Provided entries:
┄┄┄┄┄┄┄┄┄┄

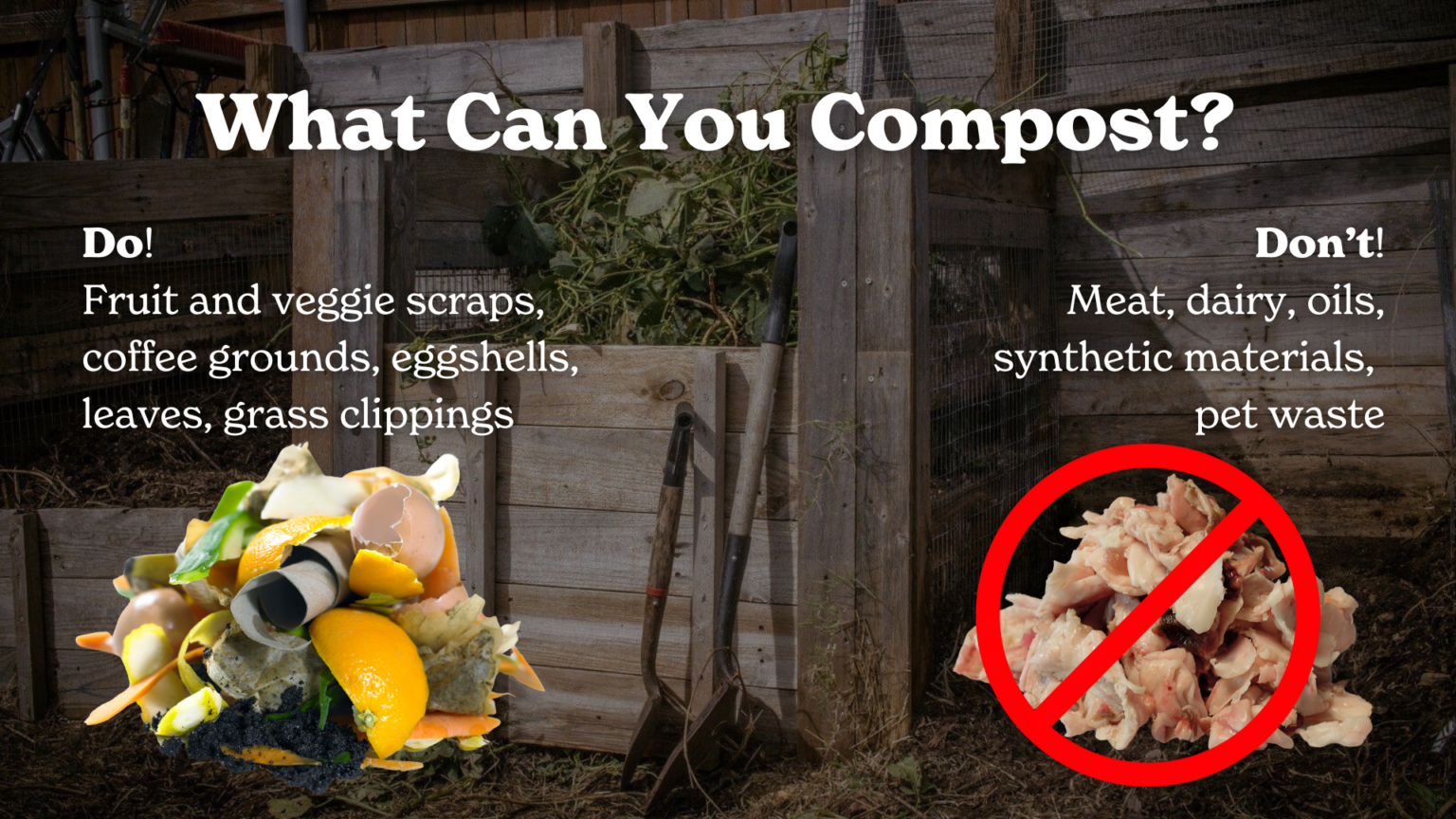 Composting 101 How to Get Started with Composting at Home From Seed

┄┄┄┄┄┄┄┄┄┄

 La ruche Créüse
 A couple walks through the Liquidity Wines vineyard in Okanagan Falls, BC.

┄┄┄┄┄┄┄┄┄┄

Task to carry out:
Retype the records above, but only those lines that fall between the line containing "La ruche Créüse" and the line containing "A couple walks", with both of those lines included, exactly as written.

Answer box:
 La ruche Créüse
 A couple walks through the Liquidity Wines vineyard in Okanagan Falls, BC.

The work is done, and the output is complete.